» **DATASET RECORDS**:
══════════════════════════════
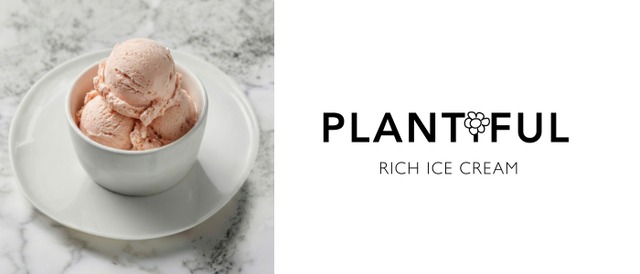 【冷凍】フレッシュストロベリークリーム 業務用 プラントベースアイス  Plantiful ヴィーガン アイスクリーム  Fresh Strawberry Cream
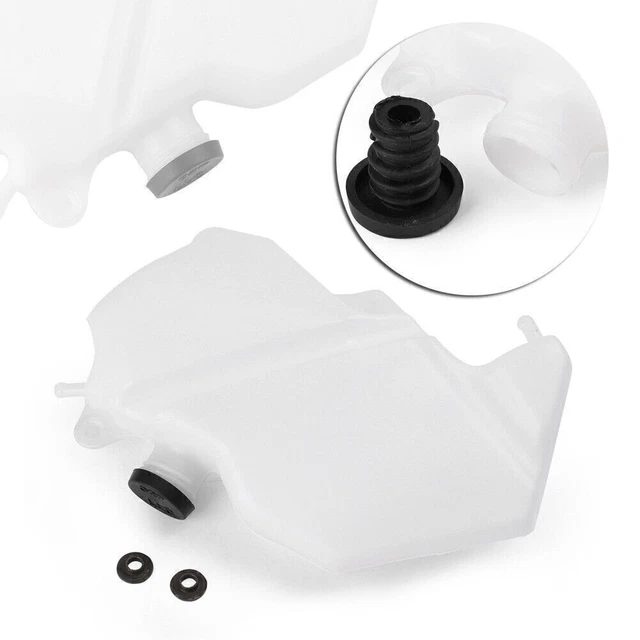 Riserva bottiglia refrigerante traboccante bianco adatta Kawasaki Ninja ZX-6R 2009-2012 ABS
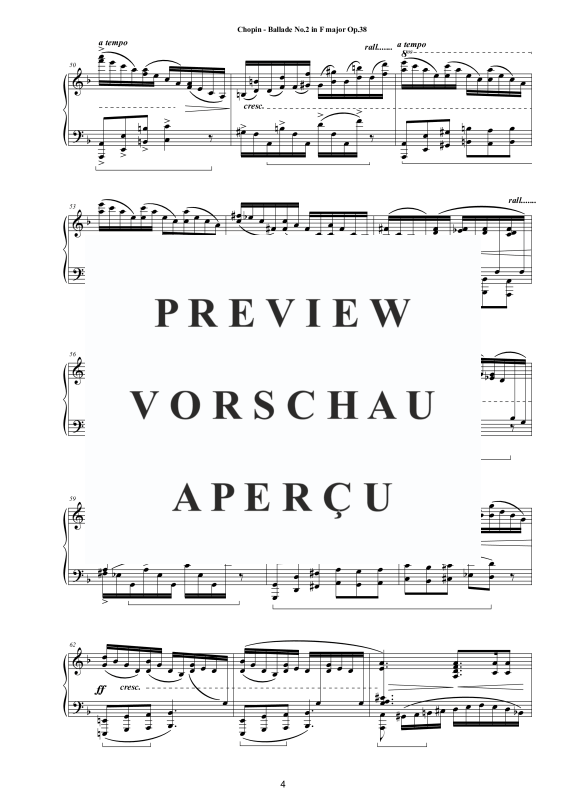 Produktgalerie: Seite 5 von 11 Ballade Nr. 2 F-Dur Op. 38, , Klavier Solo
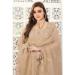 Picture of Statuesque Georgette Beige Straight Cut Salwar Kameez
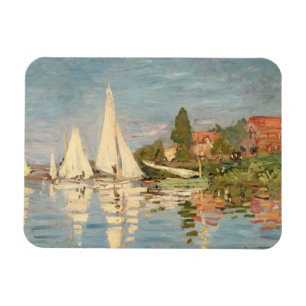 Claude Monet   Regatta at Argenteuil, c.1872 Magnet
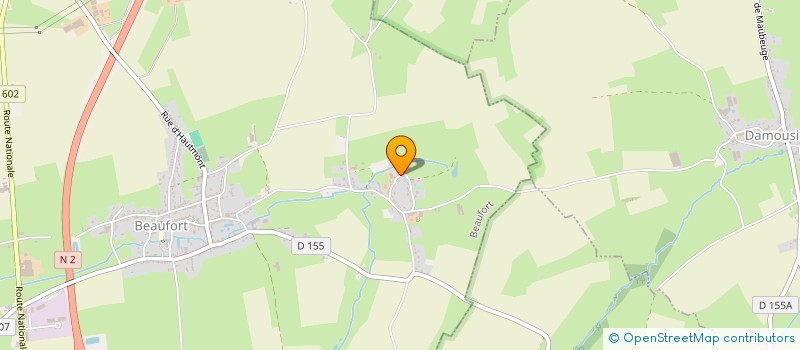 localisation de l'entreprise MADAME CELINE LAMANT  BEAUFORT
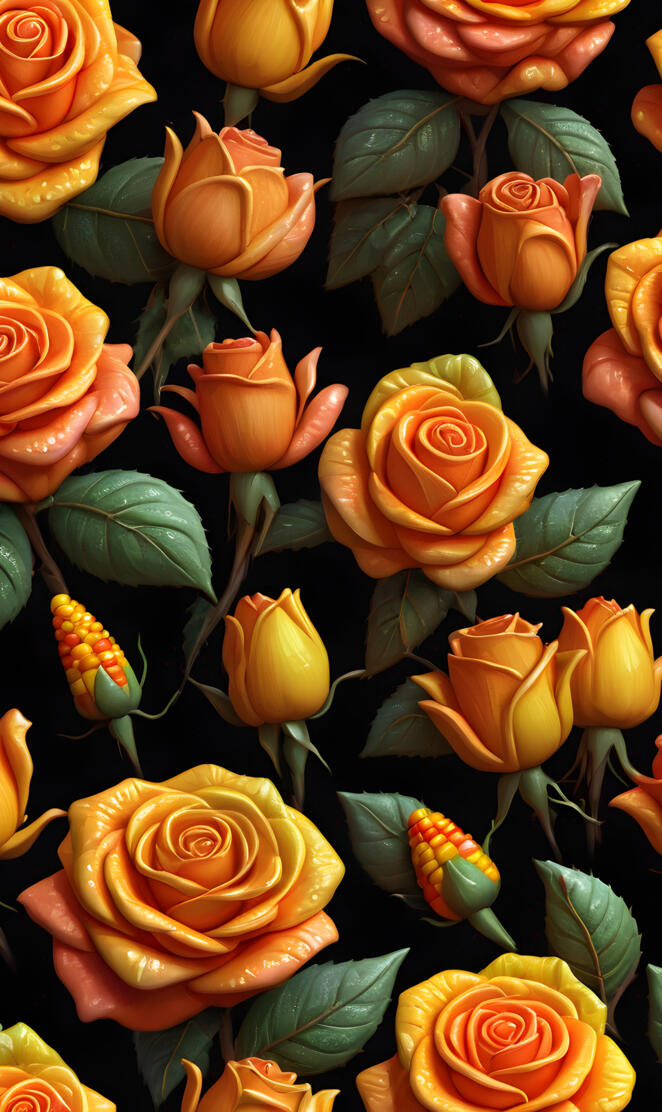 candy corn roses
══════════════════════════════
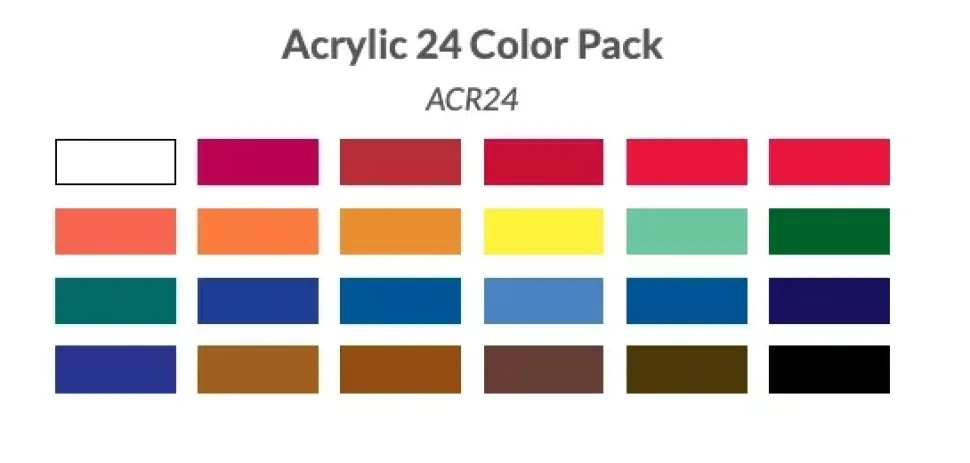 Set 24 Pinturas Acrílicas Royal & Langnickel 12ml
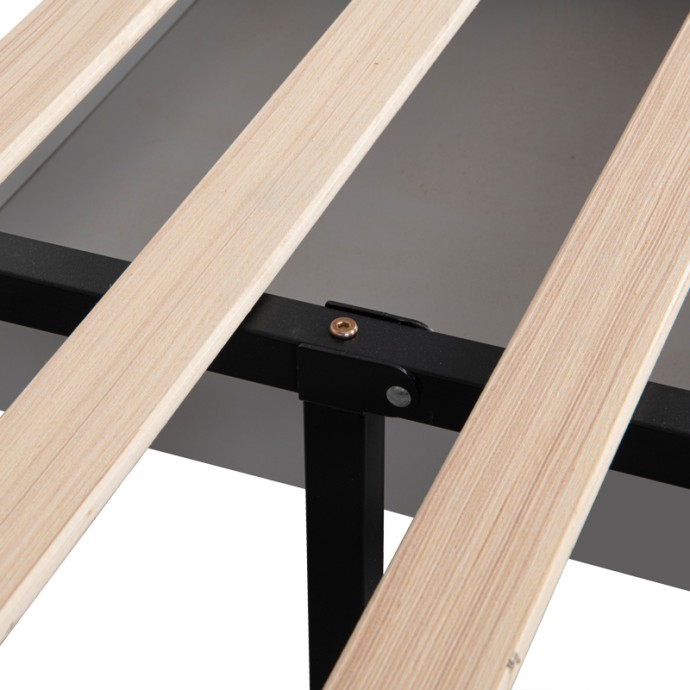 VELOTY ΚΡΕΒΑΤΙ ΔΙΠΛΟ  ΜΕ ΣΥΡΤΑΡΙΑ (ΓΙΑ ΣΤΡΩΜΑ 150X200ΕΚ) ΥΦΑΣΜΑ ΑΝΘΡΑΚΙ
══════════════════════════════
» **EXERCISE**:
Print an exact copy of the lines above, from the one containing "Argenteuil, c.1872 Magnet" through the one containing "candy corn roses", and leave out the pictures.

» **ANSWER TO THE EXERCISE**:
 Claude Monet   Regatta at Argenteuil, c.1872 Magnet
 localisation de l'entreprise MADAME CELINE LAMANT  BEAUFORT
 candy corn roses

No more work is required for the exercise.